I posted this as a reply to another post that explained how the API converts between system prompt and developer message, and vice versa.
I’m reposting it as its own topic because I drifted into feedback territory, and “API - Feedback” is a better place for it.
It is very good that you do such conversions behind the scenes, as it’s a great quality of life improvement.
However, the documentation still lacks explanation of what is germane to each family of models. Well, we know what is germane to non-reasoning models, of course.
I tried to think about this conceptually over the past few days.
You have:
- non-reasoning models
- reasoning models
- a chat-focused API
- an assistant-focused API
This is rapidly leading to 4 types of parameter arrangements and might become error-prone for the unwary.
Should reasoning models have an API of their own? Should you think of “chat,” “assist,” and “reason” as modes of operation that should fall under a single API?
Unrelated, but also important…
I am very glad to see progress on the conceptualization of prompt hierarchy and the prioritization of prompts at each level. Documenting this is very important, I think.
The temptation would be to allow developers to assign priority factors to levels, but I think it would just make things more unpredictable. Hence, I think you should control and define this, as you are right now.

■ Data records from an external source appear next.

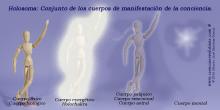 imagen viaje astral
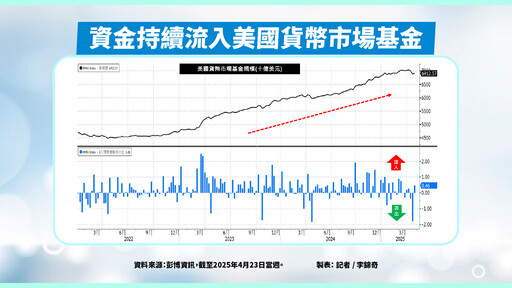 現該追黃金還是抱現金？專家：攻守配置策略 不學聯準會陷兩難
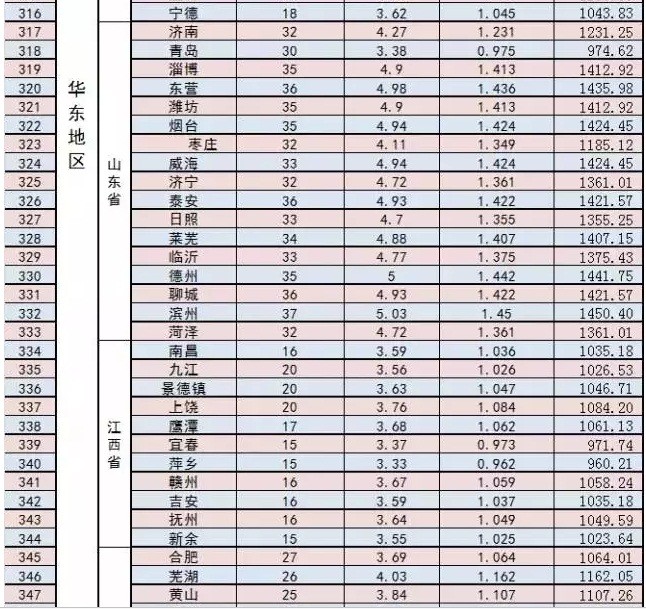 家庭光伏電站的設(shè)計(jì)建設(shè)過程|干貨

In fact, the way the hierarchy of prompts works reminds me of the OSI model (OSI model - Wikipedia). I think that approach could be formalized further to establish degrees of model interaction.
Lastly, there is the text of prompts themselves. After using this for a few years now, it has become clear there is often a need for a markup hierarchy inside prompts themselves. This will become even more acute for reasoning model prompts.
An example of what I mean: If you structure your prompt using Markdown at the top level, then Markdown deeper inside the structure of the prompt causes problems.
I have arrived at a markup hierarchy that uses all of: XML, Markdown, Plain Text, JSON.
If the encapsulation of prompt text “makes sense,” I found that most models interpret the input as I do.
That being said, the argument will be that any truly intelligent model will be uncannily good at parsing prompt text regardless of its structure. Until then, though, it will make a huge difference.
As a follow-up thought, behind-the-scenes conversion between system prompt and developer message kind of encourages people to keep doing what they have always been doing.
Is that a quality-of-life feature you are ready to maintain forever?